──────── Raw data

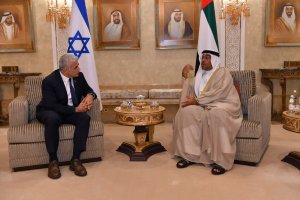 Външният министър на Израел Яир Лапид пристигна в Обединените арабски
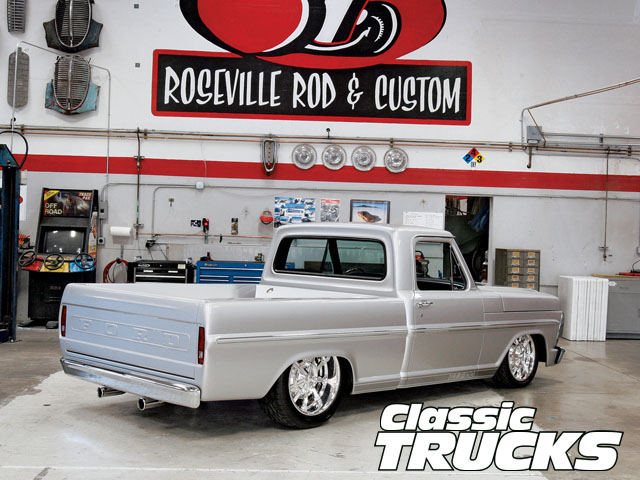 Ford F-100 Long Bed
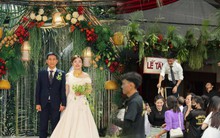 Độc lạ đám cưới trang trí bằng gần 1 tạ rau củ: Lộng lẫy chẳng kém hoa tươi, khách mời ai cũng háo hức "hái" quà mang về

────────────────

What is needed:
The reply should consist only of the lines running from the one with "Ford F-100 Long Bed" through the end of the material, both included, copied exactly; please omit pictures.

Answer to the problem:
 Ford F-100 Long Bed
 Độc lạ đám cưới trang trí bằng gần 1 tạ rau củ: Lộng lẫy chẳng kém hoa tươi, khách mời ai cũng háo hức "hái" quà mang về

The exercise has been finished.